• _Work instructions_
Pictures do not belong in the copy. Return all of the entries exactly.

(Scraped caption text data)
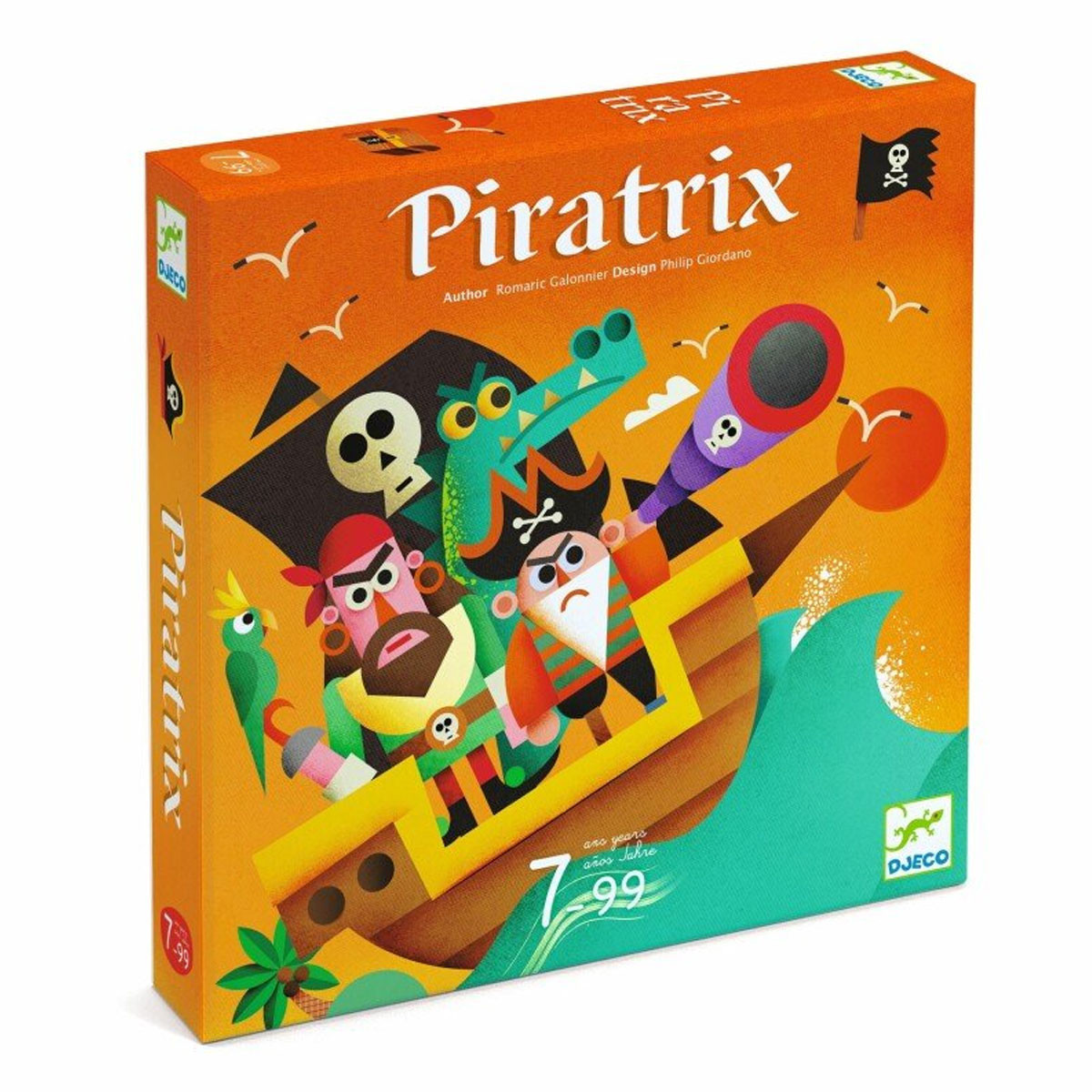 Djeco društvena igra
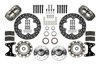Front Dynapro Dynamic Drag Brake Kit Fits Select 1971-1978 Ford Mustang II, Pinto / 1975-1980 Mercury Bobcat - image 2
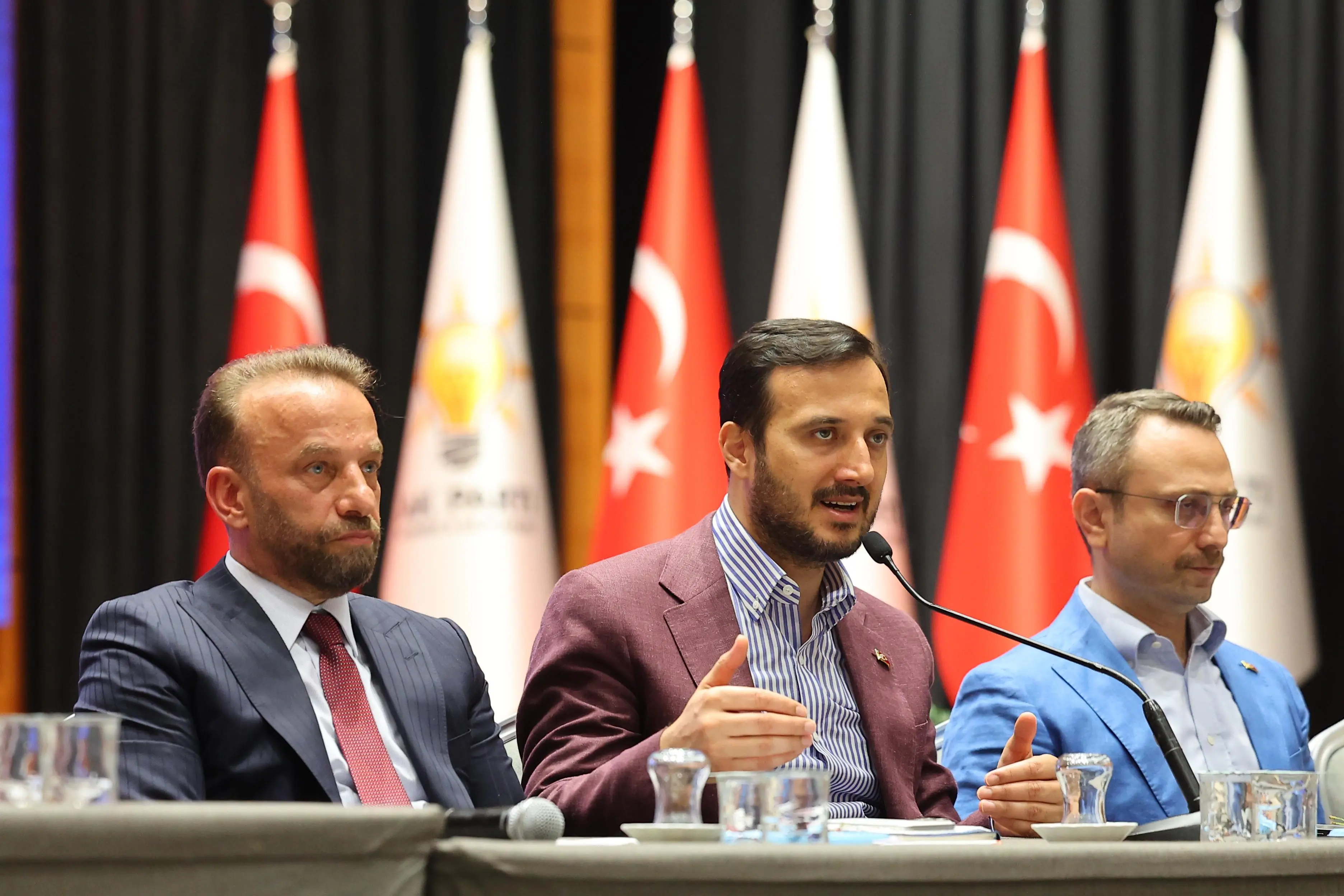 İnsan Hakları Başkanlığı’ndan üç kademe toplantısı
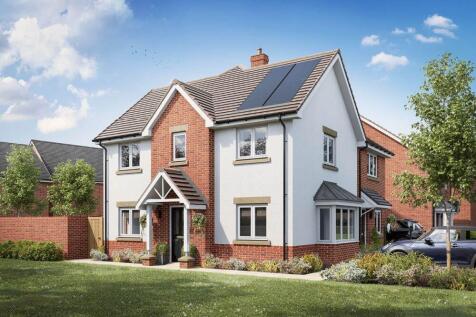 1 Marston Leys The Chesham External CGI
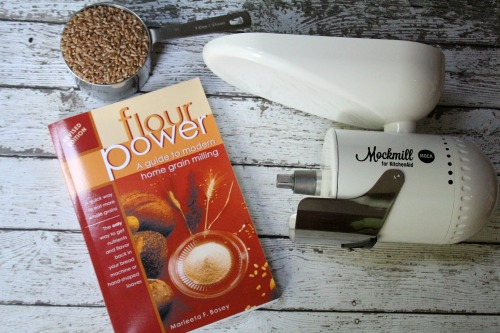 How to Mill Grains At Home: KitchenAid vs. Mockmill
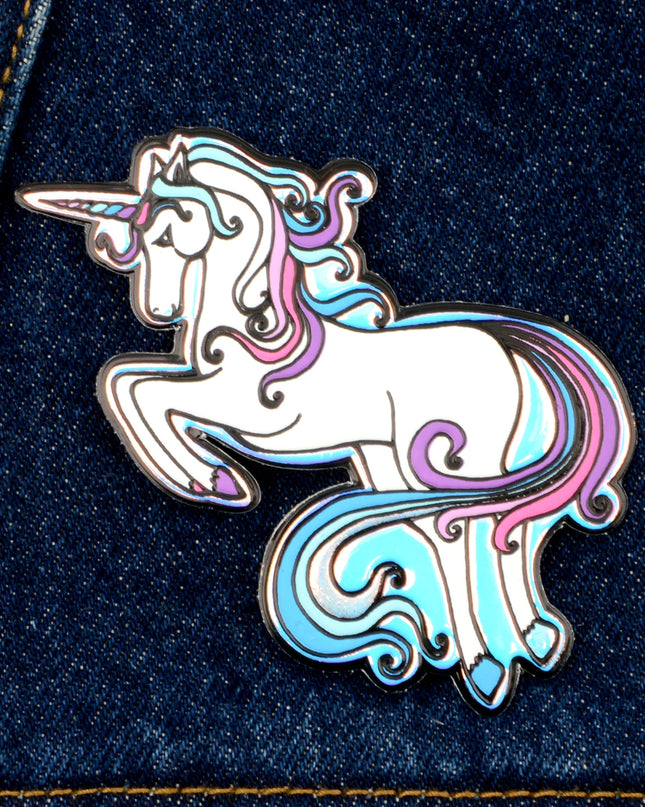 Autocollant Licorne Matrica I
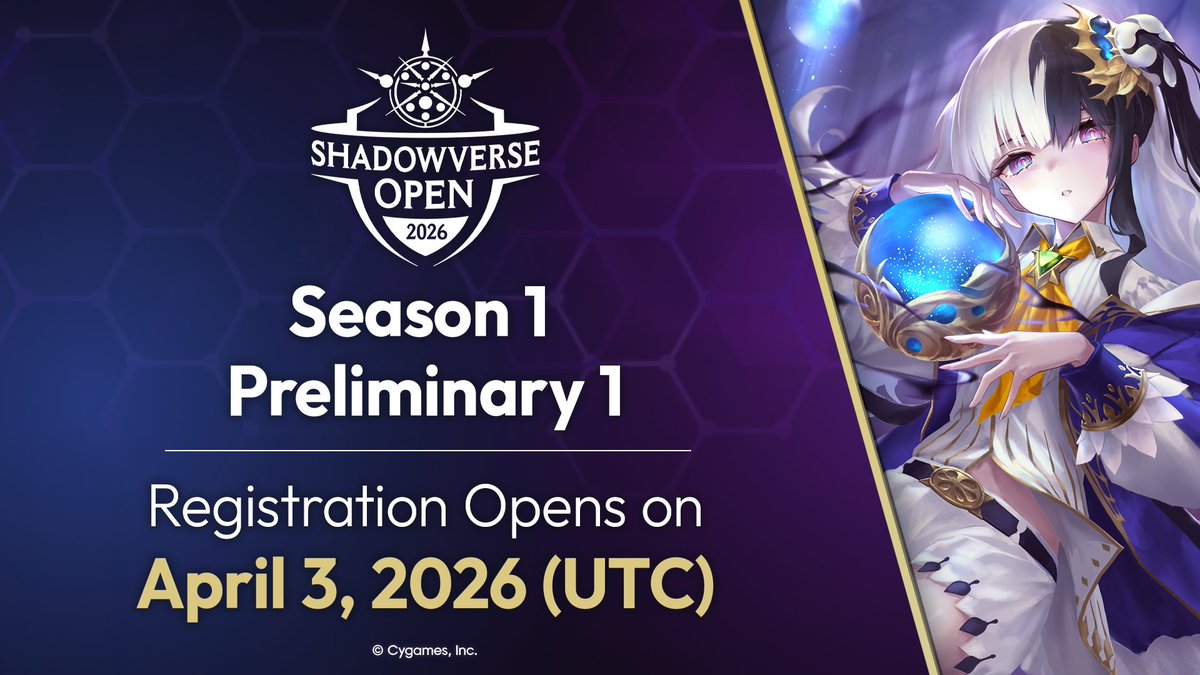 Shadowverse: Worlds Beyond tweet media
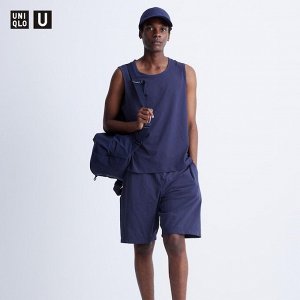 UNIQLO - мужские шорты Dry EX - 67 BLUE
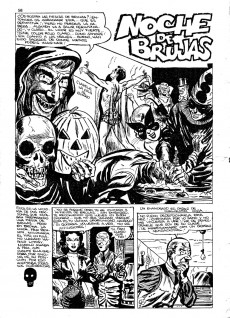 Extrait de Fantom Vol.1 (Vértice - 1972) -3- El diablo de la televisión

• _Finished exercise_
 Djeco društvena igra
Front Dynapro Dynamic Drag Brake Kit Fits Select 1971-1978 Ford Mustang II, Pinto / 1975-1980 Mercury Bobcat - image 2
 İnsan Hakları Başkanlığı’ndan üç kademe toplantısı
 1 Marston Leys The Chesham External CGI
 How to Mill Grains At Home: KitchenAid vs. Mockmill
 Autocollant Licorne Matrica I
 Shadowverse: Worlds Beyond tweet media
 UNIQLO - мужские шорты Dry EX - 67 BLUE
 Extrait de Fantom Vol.1 (Vértice - 1972) -3- El diablo de la televisión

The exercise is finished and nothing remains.